Перевела и предоставила для библиотеки Елена Викторова


Глава VI
СЕН-ЖЮСТ  и  РОБЕСПЬЕР

«Он, быть может, тем более
заставил бояться себя, что не
чаял внушить к себе любовь».
Левассер


В своем прекрасном драматическом этюде о революционерах г-н Ромен Роллан показывает нам Робеспьера в домашней обстановке. «Тиран» разоткровенничался, он перебирает своих друзей: «Мой брат, Кутон; один – ребенок, другой – умирающий». М-ль Дюпле: «А Сен-Жюст?» – «Его я боюсь».

Не такое впечатление стремятся вызвать у нас историки. Полная зависимость Сен-Жюста от Робеспьера для них – вещь общеизвестная. Мишле, бросая, мимоходом: «Робеспьер использовал Сен-Жюста...», продолжает дальше свой роман, полный загадок. Зная о будущих ссорах и катастрофах, он облекает свой рассказ в форму туманных предчувствий, где нет места анализу, фактам. Мы же хотим забыть на время всеобщую историю и посмотреть на взаимоотношения двух человек. Личная история этих отношений могла бы захватить еще больше, чем политический их аспект, но только вот незадача: как подступиться? Что следует думать об этих замкнутых душах, не желающих открываться нам? Здесь не найдешь ничего похожего на письма Камилла Демулена: «Я любил Мирабо, страстно как любовницу...» Нужно дождаться последнего дня и последнего слова, чтобы услышать из уст Сен-Жюста нечто вроде намека на дружеские чувства. Впрочем, намек этот прозвучит в речи, которая, по сути, является заявлением о расколе.

Начнем с фактов. 8 термидора, конец бурного заседания Конвента: принят декрет об издании речи Робеспьера, потом отменен, выступают все новые ораторы, положение обостряется... Тогда берет слово Робеспьер-младший (более преданный своему старшему, чем брат короля - своему), потом выступили Кутон, Леба и ... всё. О Сен-Жюсте нет даже упоминания ни в протоколе, ни в газетах. Присутствовал ли он вообще? Несомненно, именно это непостижимое «неучастие в прениях» заставило многих историков думать, что он еще не приехал из армии, что Робеспьер ждал его лишь к ночи. Однако Сен-Жюст находился в Комитете уже тогда, когда прибыли курьеры из Флерюса (11 мессидора), то есть он обогнал гонца Журдана.

9-го, во время четырехчасового заседания, ставшего катастрофой и для Сен-Жюста, и для Робеспьера, Баррас видит, как Сен-Жюст то краснеет, то бледнеет, но при этом не произносит ни единого слова, не делает ни единого жеста?

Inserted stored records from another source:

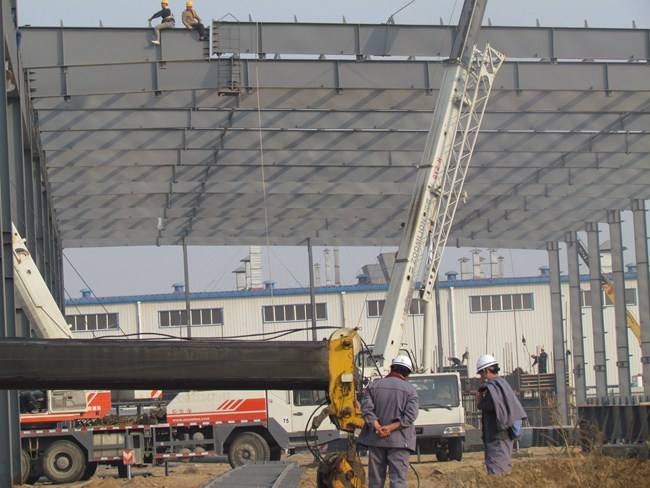 走進鋼結構廠房建設工地有感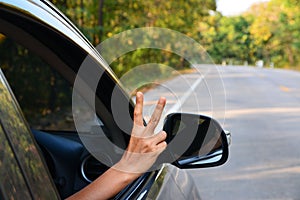 Car on asphalt road in nature with Hand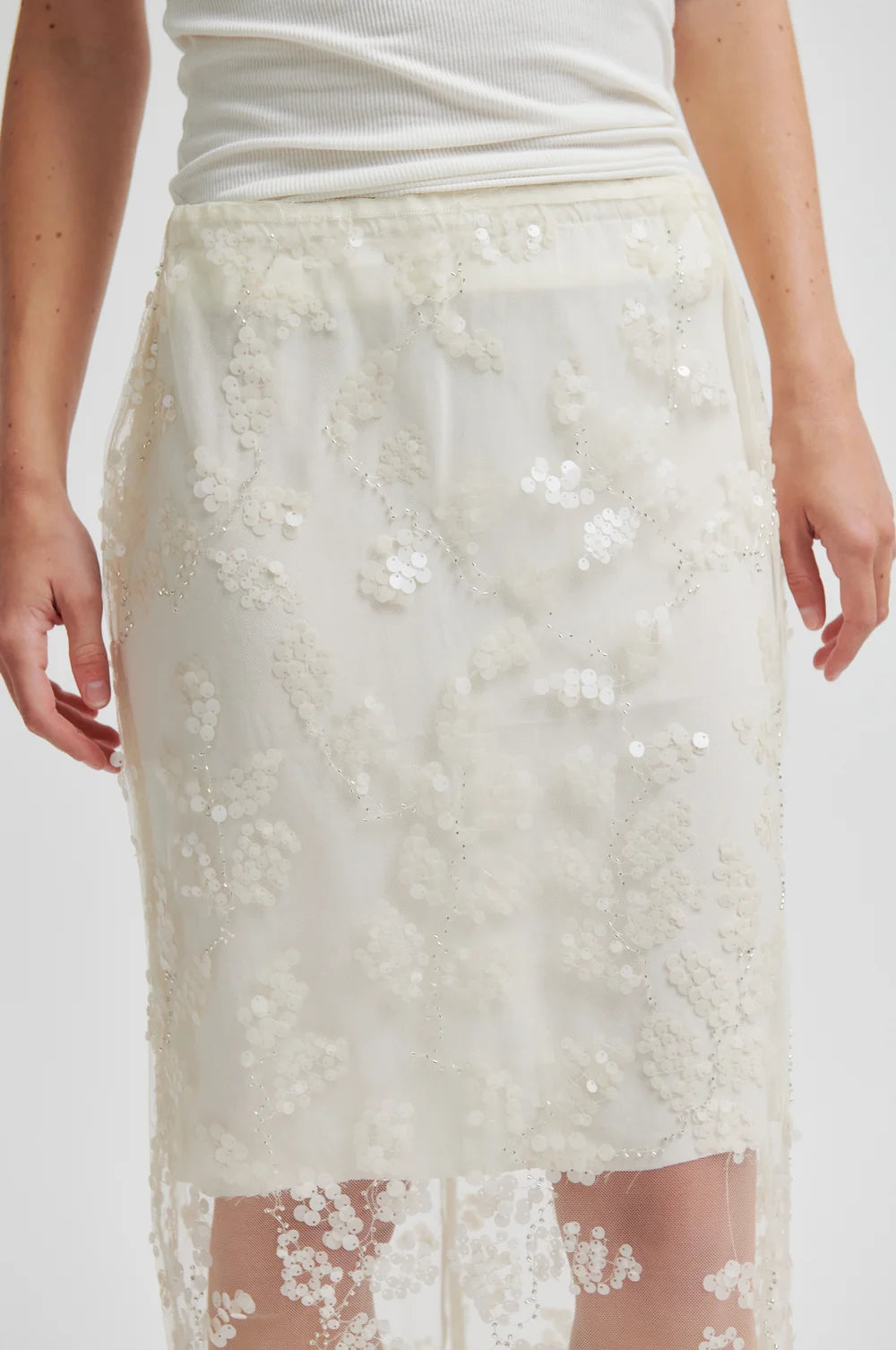 White lace skirt worn by a person on a plain background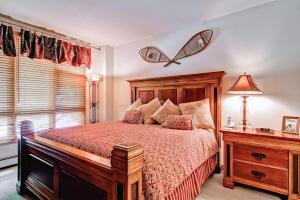 a bedroom with a bed with a butterfly on the wall at Highlands Westview 105 by East West Hospitality in Beaver Creek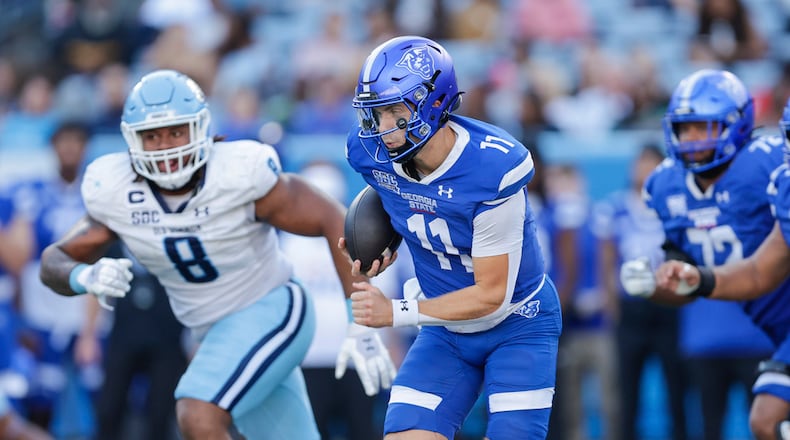 Georgia State's Christian Veilleux (11) runs with the ball during the second half of an NCAA football game against Old Dominion on Saturday, Oct.12 , 2024 in Atlanta. (AP Photo/Stew Milne)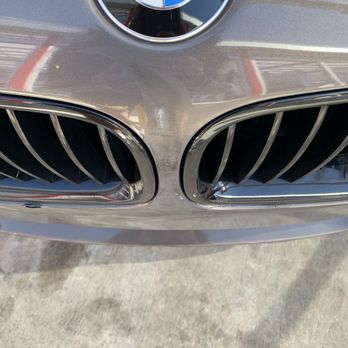 Rapids Express - Damages: residue and brush strokes left by tunnel equipment; chipped bumper cover; damaged grille - Car Wash Near Me - Anaheim, California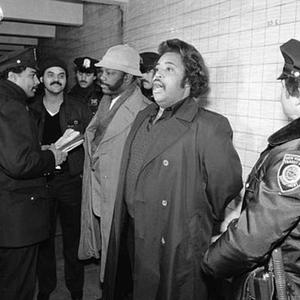 photo of Harlem CORE chairmen Cyril Boynes, Jr. and George Holmes being arrested with Rev. Al Sharpton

«Сен-Жюст, раз поднявшись на трибуну, уже не покидал её, несмотря на вторжение, которое согнало бы с неё любого другого. Он лишь спустился на несколько ступенек, а затем вновь поднялся, чтобы надменно продолжить свою речь. Однако он не смог добавить ни слова к сказанной им паре фраз. Неподвижный, бесстрастный, непоколебимый, он, казалось, бросал всем вызов своим хладнокровием. Он вынужден был изменить позу, лишь когда был принят страшный обвинительный декрет» (Баррас, «Мемуары»)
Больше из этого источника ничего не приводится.